The one-day strike was scheduled to begin on “Red Cup Day,” an annual promotion centered around the release of Starbucks’ holiday season-themed reusable cups.
The Starbucks Workers United website notes that Red Cup Day is the company’s “biggest sales event of the season,” and “also one of the most infamously hard, understaffed days for the baristas that work them.” It invites all Starbucks baristas and “shift supervisors” to join the “Red Cup Rebellion” and walk out with unionized workers.
Starbucks Workers United told ABC News that hundreds of employees who staged walk-outs Thursday are demanding better conditions at their workplaces as well as higher pay, benefits, and staffing levels.
According to its website, the Starbucks union demands:
- the right for other stores to unionize
- a “strong foundation of rights” including a provision that amounts to tenure
- a base wage of $20 for all baristas and $25.40 for shift supervisors, with an increase depending on the area in which the store is located
- annual raises of 5 percent in addition to cost-of-living increases
- 401(k) retirement plans; the banning of any kind of reductions including wages and benefits
- High quality 100% employee paid healthcare with co-pays capped at $10, dental, vision, and life insurance, as well as improvement to mental health service access
- Full-time status for those who work an average of 32 hours per week
- A “fair process to obtain” overtime and vacation “without favoritism”
- Guaranteed faster accrual of vacation time
- More sick days and more holidays
Among other things. These items are not only being demanded for economic reasons but also to fight “sexual and racial harassment.”

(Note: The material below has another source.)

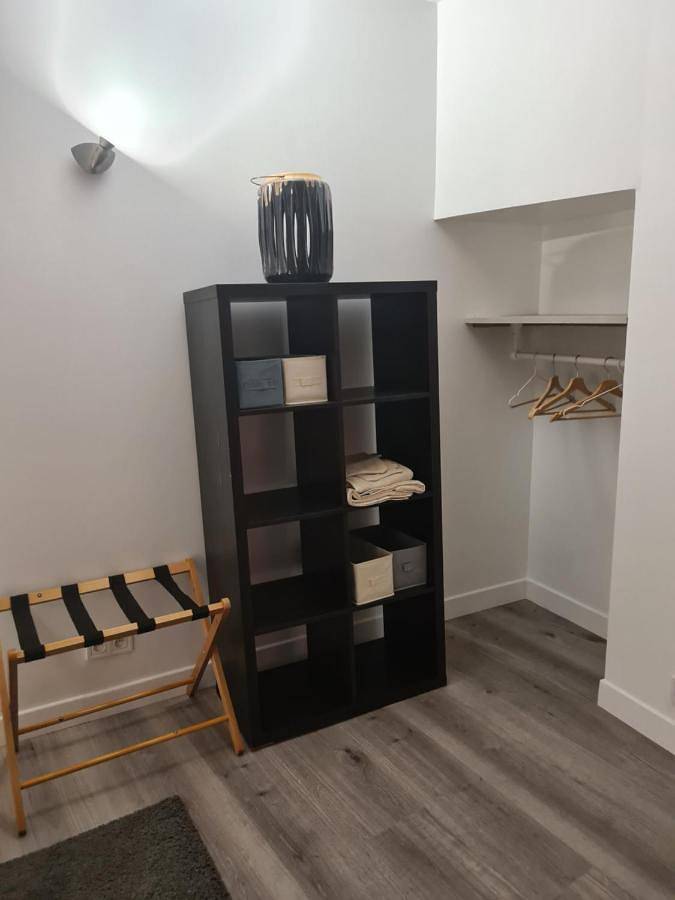 Gîte en face du Château de Nizas, 4 chambres d'hôtes et 1 appartement familial pour 4 personnes in Nizas, Côte méditerranéenne (France)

— Starbucks Workers United (@SBWorkersUnited) November 16, 2023
Workers are reportedly on strike in Cleveland, New York City, Philadelphia, Richmond, and Washington, D.C. In New York, union representatives said they have workers planning to strike at six stores across the city and three on Long Island.
Last year, the union also held a strike on Red Cup Day. But this year far more stores have been organized ahead of time.
Starbucks has said it prefers to deal with employment matters through direct relationships with workers rather than through the mediation of a union. In October, a judge ruled that Starbucks founder and former CEO Howard Schultz violated federal law by “threatening” a union-supporting barista by telling them to “go work for another company.”
Starbucks sued Starbucks Workers United in October for using its logo while voicing support for Palestine, claiming the union damaged the company’s reputation and enraged hundreds of consumers. The union counter-sued Starbucks for defaming them as supporters of terrorism, insisting on its right to use the company logo and name.